A distant engine drone sometimes broke the silence of the woods as von Trips walked with Breitschwert beneath beech and spruce. The hunting grounds lay within a few miles of the Nürburgring, a racetrack built in the 1920s and refurbished to showcase the Silver Arrows, the thunderously powerful cars produced by Mercedes-Benz and its German rival, the Auto Union, with generous Nazi subsidies. They shot through the wooded hills like silver projectiles.

In 1936 Wolfgang persuaded his parents to take him to the Nürburgring to see the German drivers Bernd Rosemeyer and Rudolf Caracciola duel in the German Grand Prix. Nazi troops accompanied the cars to the starting line, and at the race's end Rosemeyer hoisted a trophy donated by Hitler. A portrait of Hitler was printed on the cover of the race program, as if the Führer himself were responsible for the strength of the Silver Arrows.

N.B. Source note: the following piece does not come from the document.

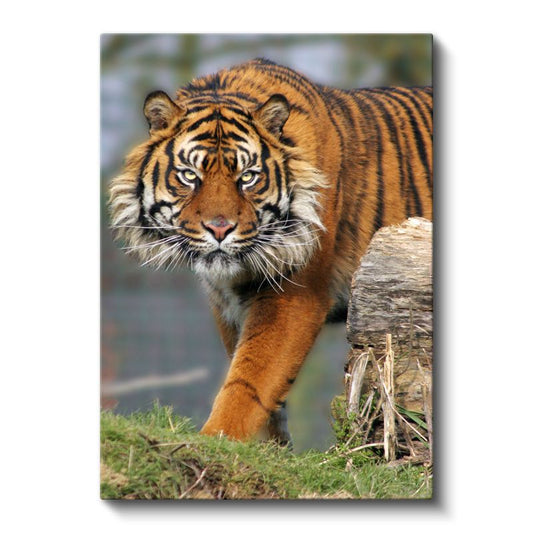 Kaplan Portresi - Keskin Bakışlı Orman Kralı Kanvas Tablo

In the summer of 1936, as Hitler presided over the Berlin
Olympics, Wolfgang told his governess that he wanted to be a great German driver like the ones he had seen at the Nürburgring. Not surprisingly, Rosemeyer was Wolfgang's particular hero. He was tall and blond with buoyant charm. He was married to the tomboy aviatrix Elly Beinhorn—Germany's answer to Amelia Earhart—who had flown solo to Africa and South America. They were darlings of the German press. Hundreds of thousands of Germans came to see Rosemeyer race. Millions more listened on the radio.

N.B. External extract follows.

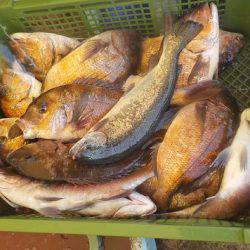 淡路じゃのひれフィッシングパーク 釣果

On January 28, 1938, Caracciola broke the land speed record by rocketing down a stretch of Autobahn at 268.9 mph. Rosemeyer stood by, prepared to better Caracciola's time. He was clocked at 267 mph—less than 2 mph slower than Caracciola—when a gust of crosswind blew his car onto the grassy median where it hit a stone marker and broke apart in a series of cataclysmic rolls. His body was found in a grove of trees a hundred yards away. In the Nazi depiction, Rosemeyer was a Wagnerian hero slain in the dark German forest. Goering, Himmler, and Hitler sent condolences. SS troopers flanked Rosemeyer's coffin during a Berlin funeral styled and stage managed by Nazi officials.